═════ Records for this exercise ═════
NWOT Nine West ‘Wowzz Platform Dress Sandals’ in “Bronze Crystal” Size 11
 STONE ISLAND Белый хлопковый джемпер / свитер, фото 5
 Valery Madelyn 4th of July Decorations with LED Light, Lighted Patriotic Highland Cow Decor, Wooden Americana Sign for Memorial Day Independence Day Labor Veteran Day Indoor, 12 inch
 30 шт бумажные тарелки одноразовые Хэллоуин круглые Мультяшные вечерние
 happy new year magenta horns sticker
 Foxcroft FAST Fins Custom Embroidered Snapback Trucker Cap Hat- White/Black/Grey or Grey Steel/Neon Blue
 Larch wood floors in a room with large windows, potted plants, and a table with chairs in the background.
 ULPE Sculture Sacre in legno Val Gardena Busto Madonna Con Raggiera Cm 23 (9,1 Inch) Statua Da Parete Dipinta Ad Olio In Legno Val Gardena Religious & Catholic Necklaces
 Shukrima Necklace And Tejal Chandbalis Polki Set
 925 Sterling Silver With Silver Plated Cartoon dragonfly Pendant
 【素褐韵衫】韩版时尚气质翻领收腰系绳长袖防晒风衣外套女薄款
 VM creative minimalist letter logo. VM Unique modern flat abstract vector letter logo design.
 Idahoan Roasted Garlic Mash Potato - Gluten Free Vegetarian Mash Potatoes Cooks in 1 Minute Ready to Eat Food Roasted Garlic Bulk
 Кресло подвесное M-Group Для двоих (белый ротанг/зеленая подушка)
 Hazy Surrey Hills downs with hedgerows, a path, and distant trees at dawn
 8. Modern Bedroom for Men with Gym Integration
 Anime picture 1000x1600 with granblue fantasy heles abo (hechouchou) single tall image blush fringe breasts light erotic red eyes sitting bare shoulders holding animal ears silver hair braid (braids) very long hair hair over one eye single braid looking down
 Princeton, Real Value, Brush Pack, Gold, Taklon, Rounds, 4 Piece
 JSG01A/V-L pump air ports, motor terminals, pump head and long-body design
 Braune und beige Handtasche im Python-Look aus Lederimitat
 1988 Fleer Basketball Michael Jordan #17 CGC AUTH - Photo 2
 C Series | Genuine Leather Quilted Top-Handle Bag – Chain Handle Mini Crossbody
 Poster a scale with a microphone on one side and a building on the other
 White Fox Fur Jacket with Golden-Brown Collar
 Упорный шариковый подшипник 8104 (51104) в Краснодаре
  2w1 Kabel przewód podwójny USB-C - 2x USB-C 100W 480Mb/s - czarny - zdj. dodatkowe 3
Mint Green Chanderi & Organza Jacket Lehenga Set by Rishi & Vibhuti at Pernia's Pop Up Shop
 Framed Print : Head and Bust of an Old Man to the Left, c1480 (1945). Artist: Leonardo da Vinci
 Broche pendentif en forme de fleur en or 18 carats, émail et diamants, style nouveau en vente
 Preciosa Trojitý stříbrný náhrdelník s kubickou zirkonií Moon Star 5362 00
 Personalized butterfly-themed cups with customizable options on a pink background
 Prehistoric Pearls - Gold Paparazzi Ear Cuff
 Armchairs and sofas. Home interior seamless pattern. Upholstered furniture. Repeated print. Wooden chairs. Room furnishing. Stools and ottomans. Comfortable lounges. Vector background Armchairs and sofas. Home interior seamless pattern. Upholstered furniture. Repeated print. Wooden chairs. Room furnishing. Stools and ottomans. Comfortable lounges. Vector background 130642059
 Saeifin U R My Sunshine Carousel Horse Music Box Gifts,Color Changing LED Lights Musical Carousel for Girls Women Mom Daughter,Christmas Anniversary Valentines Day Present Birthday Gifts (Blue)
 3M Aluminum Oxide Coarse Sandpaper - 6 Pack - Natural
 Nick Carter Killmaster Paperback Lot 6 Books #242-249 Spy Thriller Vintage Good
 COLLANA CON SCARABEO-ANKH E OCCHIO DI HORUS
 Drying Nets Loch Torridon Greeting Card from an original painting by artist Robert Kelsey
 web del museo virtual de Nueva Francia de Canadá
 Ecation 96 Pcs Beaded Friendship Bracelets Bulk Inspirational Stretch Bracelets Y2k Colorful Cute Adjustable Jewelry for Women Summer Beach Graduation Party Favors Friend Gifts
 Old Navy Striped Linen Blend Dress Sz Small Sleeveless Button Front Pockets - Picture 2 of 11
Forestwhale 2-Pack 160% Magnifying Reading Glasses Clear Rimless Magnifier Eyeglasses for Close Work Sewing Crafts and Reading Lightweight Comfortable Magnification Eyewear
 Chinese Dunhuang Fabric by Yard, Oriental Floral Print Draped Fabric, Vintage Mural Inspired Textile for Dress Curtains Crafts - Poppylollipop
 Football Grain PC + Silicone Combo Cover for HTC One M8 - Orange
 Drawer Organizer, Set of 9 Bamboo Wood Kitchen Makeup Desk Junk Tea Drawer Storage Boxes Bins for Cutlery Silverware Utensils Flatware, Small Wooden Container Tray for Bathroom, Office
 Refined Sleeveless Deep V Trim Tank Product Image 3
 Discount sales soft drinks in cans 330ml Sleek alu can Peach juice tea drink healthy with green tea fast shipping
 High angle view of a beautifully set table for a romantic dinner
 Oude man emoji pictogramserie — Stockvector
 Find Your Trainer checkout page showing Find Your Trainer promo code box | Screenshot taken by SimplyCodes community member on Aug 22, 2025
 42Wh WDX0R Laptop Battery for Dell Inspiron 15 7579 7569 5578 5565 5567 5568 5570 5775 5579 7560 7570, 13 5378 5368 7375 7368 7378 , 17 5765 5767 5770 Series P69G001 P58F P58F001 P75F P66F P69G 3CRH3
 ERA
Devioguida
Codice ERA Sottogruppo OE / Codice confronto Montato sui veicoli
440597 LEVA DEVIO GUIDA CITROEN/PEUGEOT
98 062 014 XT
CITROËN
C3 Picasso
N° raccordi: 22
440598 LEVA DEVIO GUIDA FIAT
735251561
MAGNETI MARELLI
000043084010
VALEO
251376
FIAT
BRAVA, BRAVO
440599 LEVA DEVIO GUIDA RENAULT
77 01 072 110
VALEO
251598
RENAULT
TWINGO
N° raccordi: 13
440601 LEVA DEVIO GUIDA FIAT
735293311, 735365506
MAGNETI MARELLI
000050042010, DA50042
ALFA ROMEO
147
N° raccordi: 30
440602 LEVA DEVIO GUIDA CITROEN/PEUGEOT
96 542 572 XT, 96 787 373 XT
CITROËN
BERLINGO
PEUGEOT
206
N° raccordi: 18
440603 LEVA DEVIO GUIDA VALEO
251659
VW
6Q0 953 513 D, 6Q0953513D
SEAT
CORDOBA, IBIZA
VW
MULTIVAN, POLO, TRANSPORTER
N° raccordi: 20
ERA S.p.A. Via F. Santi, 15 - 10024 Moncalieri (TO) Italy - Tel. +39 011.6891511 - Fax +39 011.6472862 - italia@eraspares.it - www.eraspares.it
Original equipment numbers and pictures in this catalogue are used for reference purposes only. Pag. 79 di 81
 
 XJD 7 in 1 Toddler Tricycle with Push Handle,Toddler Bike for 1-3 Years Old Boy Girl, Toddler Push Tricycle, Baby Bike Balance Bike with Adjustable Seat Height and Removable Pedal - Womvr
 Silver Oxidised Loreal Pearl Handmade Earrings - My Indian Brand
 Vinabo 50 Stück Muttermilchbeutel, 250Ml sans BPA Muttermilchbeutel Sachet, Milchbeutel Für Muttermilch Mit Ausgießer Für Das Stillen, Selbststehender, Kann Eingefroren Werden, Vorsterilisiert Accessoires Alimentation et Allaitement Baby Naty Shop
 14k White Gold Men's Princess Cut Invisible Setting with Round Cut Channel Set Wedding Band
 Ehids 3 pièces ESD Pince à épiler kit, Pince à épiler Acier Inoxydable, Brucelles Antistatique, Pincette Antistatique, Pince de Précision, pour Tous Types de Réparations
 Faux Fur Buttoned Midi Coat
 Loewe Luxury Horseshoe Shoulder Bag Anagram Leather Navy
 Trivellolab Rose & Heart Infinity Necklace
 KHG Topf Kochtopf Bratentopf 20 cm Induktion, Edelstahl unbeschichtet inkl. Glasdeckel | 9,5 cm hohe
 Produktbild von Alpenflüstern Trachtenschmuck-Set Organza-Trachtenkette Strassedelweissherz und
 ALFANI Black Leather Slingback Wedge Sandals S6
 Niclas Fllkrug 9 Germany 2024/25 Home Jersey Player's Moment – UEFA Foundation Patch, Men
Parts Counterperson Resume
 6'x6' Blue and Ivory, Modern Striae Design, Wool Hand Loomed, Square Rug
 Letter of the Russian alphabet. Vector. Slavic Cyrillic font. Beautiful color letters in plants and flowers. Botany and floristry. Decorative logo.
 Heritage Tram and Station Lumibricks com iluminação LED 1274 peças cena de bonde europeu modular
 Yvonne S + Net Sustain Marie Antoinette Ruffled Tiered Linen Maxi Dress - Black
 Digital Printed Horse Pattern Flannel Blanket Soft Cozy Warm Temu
═════
▸ **Work to be completed**: In the entries above, find the line with "XJD 7 in 1 Toddler" and the line with "6'x6' Blue and", then restate word for word both of them and every line between, with nothing more.

▸ **Written solution**:
 XJD 7 in 1 Toddler Tricycle with Push Handle,Toddler Bike for 1-3 Years Old Boy Girl, Toddler Push Tricycle, Baby Bike Balance Bike with Adjustable Seat Height and Removable Pedal - Womvr
 Silver Oxidised Loreal Pearl Handmade Earrings - My Indian Brand
 Vinabo 50 Stück Muttermilchbeutel, 250Ml sans BPA Muttermilchbeutel Sachet, Milchbeutel Für Muttermilch Mit Ausgießer Für Das Stillen, Selbststehender, Kann Eingefroren Werden, Vorsterilisiert Accessoires Alimentation et Allaitement Baby Naty Shop
 14k White Gold Men's Princess Cut Invisible Setting with Round Cut Channel Set Wedding Band
 Ehids 3 pièces ESD Pince à épiler kit, Pince à épiler Acier Inoxydable, Brucelles Antistatique, Pincette Antistatique, Pince de Précision, pour Tous Types de Réparations
 Faux Fur Buttoned Midi Coat
 Loewe Luxury Horseshoe Shoulder Bag Anagram Leather Navy
 Trivellolab Rose & Heart Infinity Necklace
 KHG Topf Kochtopf Bratentopf 20 cm Induktion, Edelstahl unbeschichtet inkl. Glasdeckel | 9,5 cm hohe
 Produktbild von Alpenflüstern Trachtenschmuck-Set Organza-Trachtenkette Strassedelweissherz und
 ALFANI Black Leather Slingback Wedge Sandals S6
 Niclas Fllkrug 9 Germany 2024/25 Home Jersey Player's Moment – UEFA Foundation Patch, Men
Parts Counterperson Resume
 6'x6' Blue and Ivory, Modern Striae Design, Wool Hand Loomed, Square Rug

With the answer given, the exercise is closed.